5 Things You Might Not Know About Fleetwood Mac’s Self-Titled Album

Tuesday, September 4, 2018
Fleetwood Mac, FLEETWOOD MAC

42 years ago today, Fleetwood Mac’s self-titled album landed atop the Billboard 200, having taking a slow and steady path to get there. To celebrate the occasion, we’ve put together a list of five things about the album that you may not have realized.

1.    “Monday Morning,” “Rhiannon,” and “I’m So Afraid” were all written before Lindsey Buckingham and Stevie Nicks joined Fleetwood Mac.
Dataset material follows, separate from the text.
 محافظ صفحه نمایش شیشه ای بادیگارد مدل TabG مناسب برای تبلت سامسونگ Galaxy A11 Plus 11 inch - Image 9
Prior to Bob Welch’s departure from Fleetwood Mac sending the rest of the band on a search for a replacement, Buckingham and Nicks had been playing around as a duo called – not entirely surprisingly – Buckingham Nicks. After already released a self-titled album together, the duo were planning for a sophomore effort, but when those plans changed as a result of being absorbed into the lineup of Fleetwood Mac, they opted to use their new compositions for their new band.

2.    The album contained a rarity for Fleetwood Mac albums of the Buckingham-Nicks era:  a song that wasn’t written – or even co-written – by a band member.
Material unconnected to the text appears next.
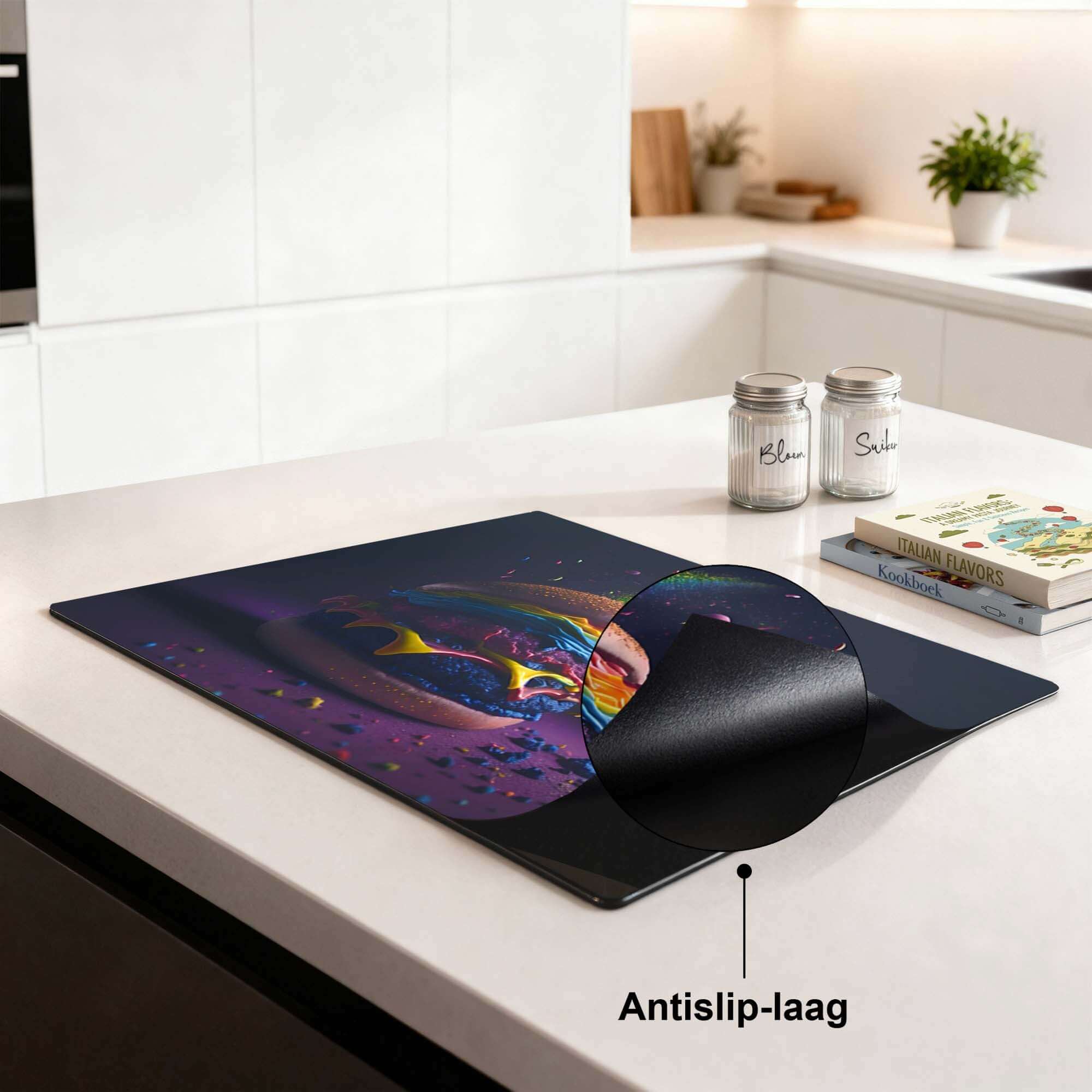 Space Burger - Induktionsschutz mit Anti-Rutsch-Beschichtung auf einer modernen Küchenarbeitsplatte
Penned by brothers Michael and Richard Curtis, “Blue Letter” found its way onto FLEETWOOD MAC as a result of the band’s new members, with Buckingham and Nicks having met and worked with the Curtis brothers on some demos for the second Buckingham Nicks album. When Mick Fleetwood heard the Curtis brothers recording their own version, the decision was made for the band to cover it, too.
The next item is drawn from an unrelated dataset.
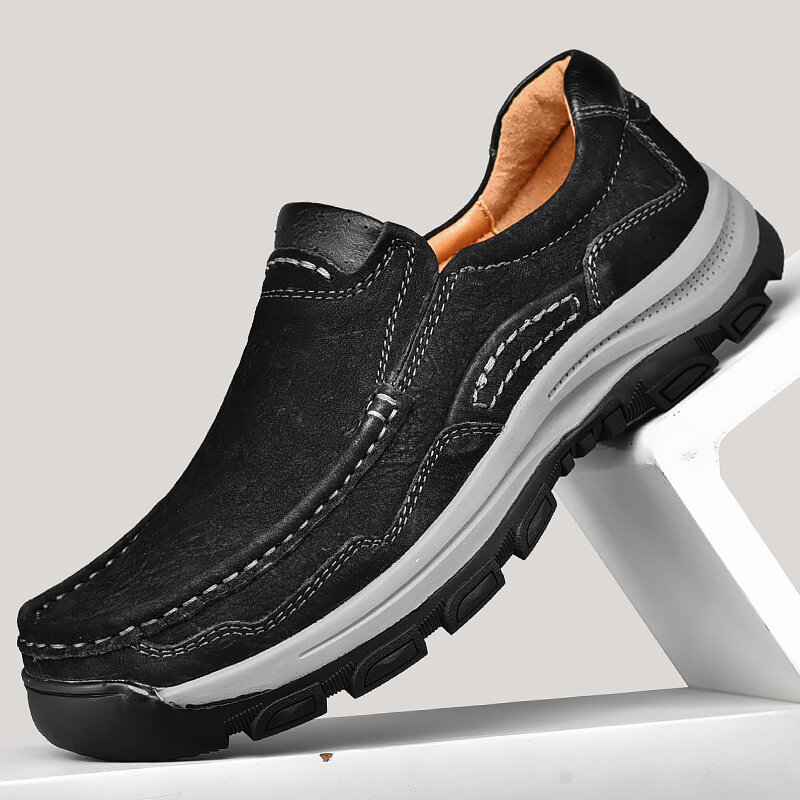 Mannen Casual Schoenen Lederen Wandelschoenen Mode Sneakers Handgemaakte Retro Leisure Loafers Schoenen Koe Lederen Flats Schoenen Mannen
3.    “Landslide” was written by Nicks while she was trying to figure out what she wanted to do with her life.

Nicks wrote in the liner notes for CRYSTAL VISIONS that she was at a loss as to what she should do with her life when, while sitting in Aspen, Colorado, she penned the words to “Landslide.” It was a reasonable concern at the time: Buckingham Nicks had been dropped from their label, she and Buckingham were struggling with their relationship, and the thought of leaving music and going back to school was a very real consideration. Instead, fate took her hand and provided her with the music career of a lifetime…and she still ended up with an iconic song!

4.    “World Turning” was the first co-write between Buckingham and Christine McVie to appear on a Fleetwood Mac album.

For a song that was never released as a single, this is one of those tracks that’s still played often on album rock radio and has remained a staple of the band’s set lists virtually since its introduction. Little did these two songwriters know at the time that they’d eventually find their way into releasing an entire album together.

5.    It took 15 months for FLEETWOOD MAC to top the chart.

Yes, it’s true: this album was the textbook definition of a “grower,” taking more than a year to climb to the pinnacle of the Billboard 200. But that’s what happens when a band decides that they’re willing to tour until they drop to make sure that their album is appreciated properly.